++++ Exercise materials
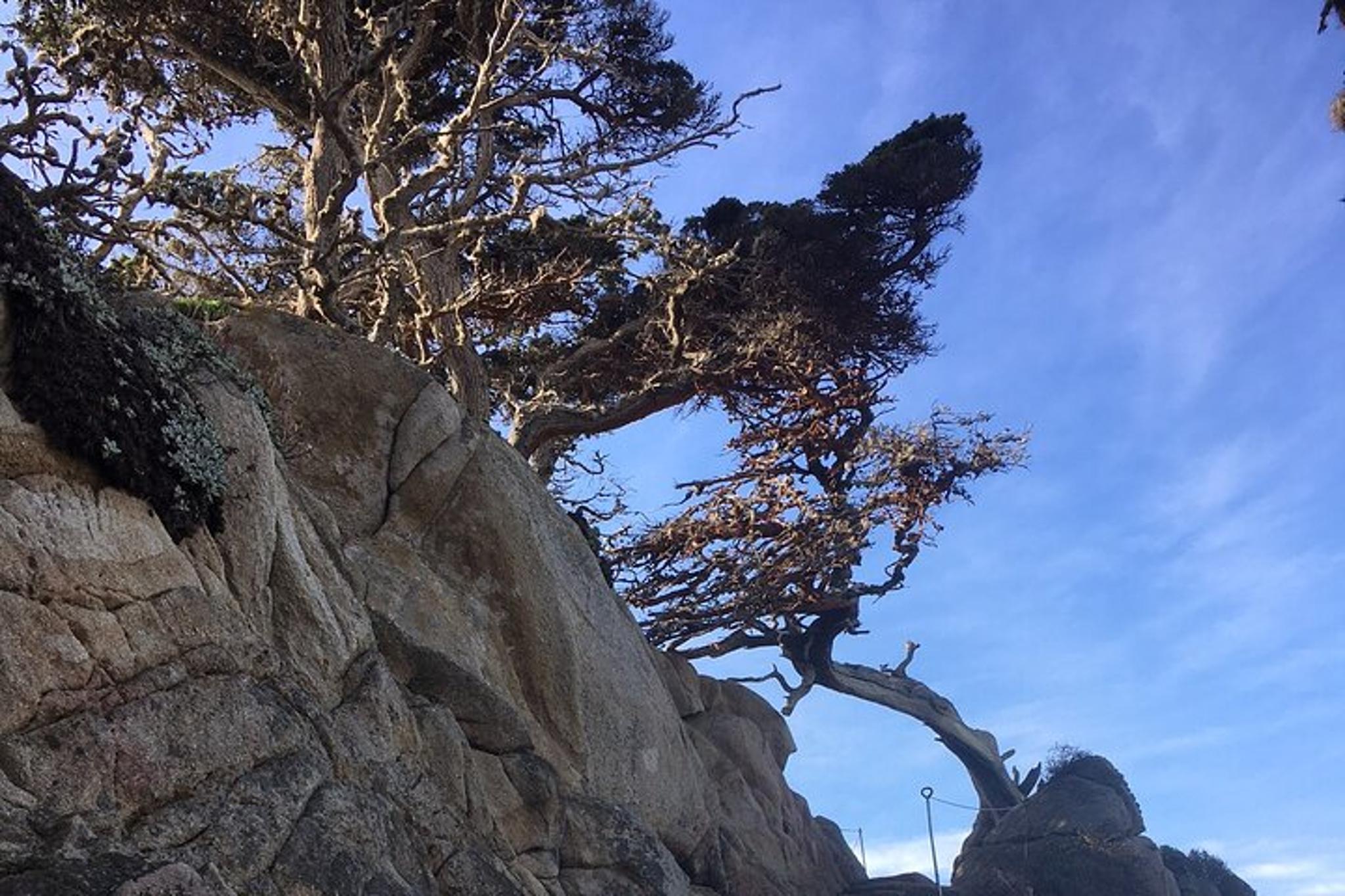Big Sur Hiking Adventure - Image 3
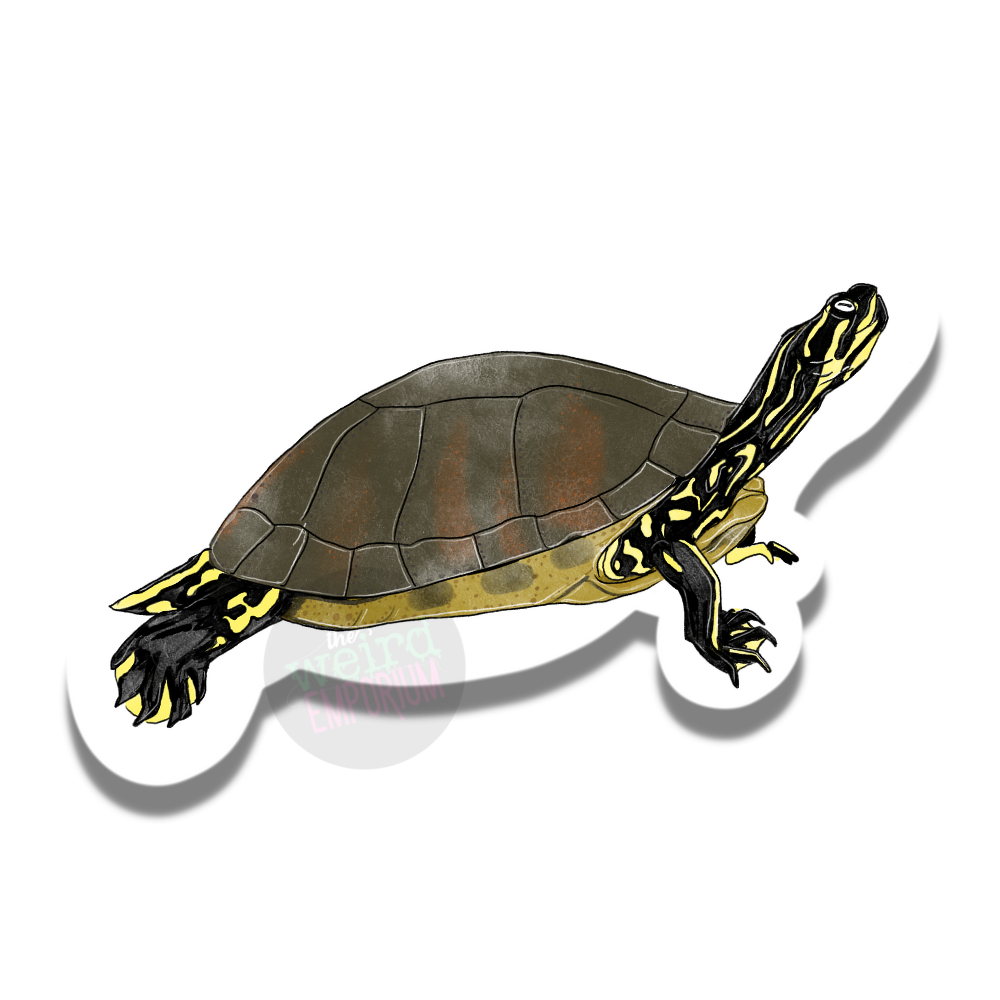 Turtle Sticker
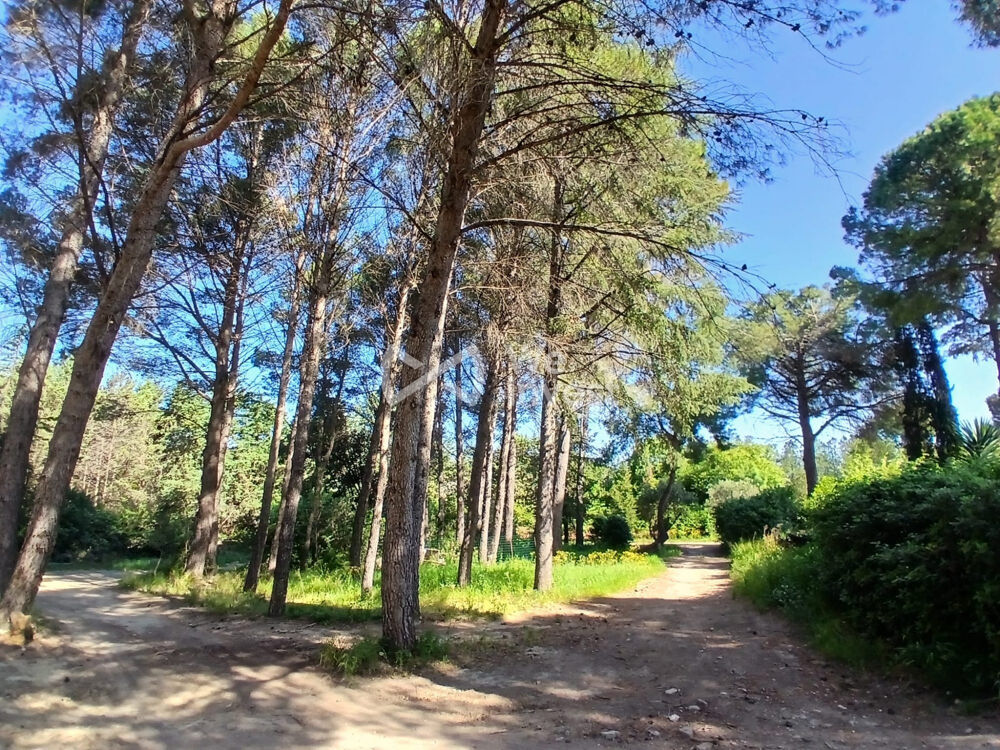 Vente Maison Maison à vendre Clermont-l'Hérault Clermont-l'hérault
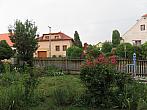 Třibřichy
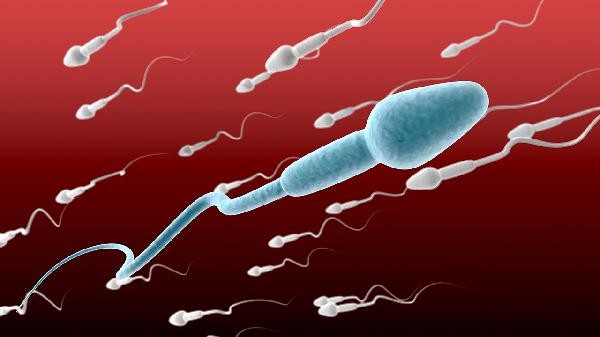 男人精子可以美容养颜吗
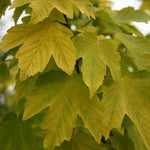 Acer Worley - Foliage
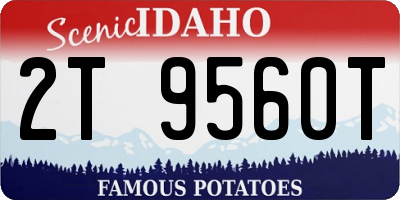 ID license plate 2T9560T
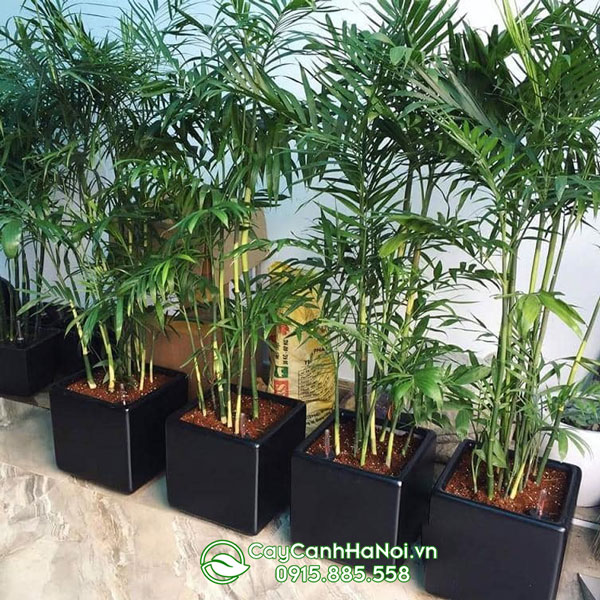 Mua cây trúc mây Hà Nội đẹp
++++++++
++++ Exercise materials
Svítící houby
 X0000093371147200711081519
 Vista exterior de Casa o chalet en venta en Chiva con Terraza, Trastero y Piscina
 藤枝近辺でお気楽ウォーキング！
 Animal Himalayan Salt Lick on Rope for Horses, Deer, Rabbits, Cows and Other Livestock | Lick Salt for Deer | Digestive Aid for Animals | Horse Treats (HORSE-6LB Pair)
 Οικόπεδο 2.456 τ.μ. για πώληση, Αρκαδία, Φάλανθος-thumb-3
++++++++
Task instructions => Line for line, output the entries above from the line with "Big Sur Hiking Adventure - Image 3" to the line with "Mua cây trúc mây Hà Nội đẹp", both included, and nothing more. Skip pictures.

Result of the task =>
Big Sur Hiking Adventure - Image 3
 Turtle Sticker
 Vente Maison Maison à vendre Clermont-l'Hérault Clermont-l'hérault
 Třibřichy
 男人精子可以美容养颜吗
 Acer Worley - Foliage
 ID license plate 2T9560T
 Mua cây trúc mây Hà Nội đẹp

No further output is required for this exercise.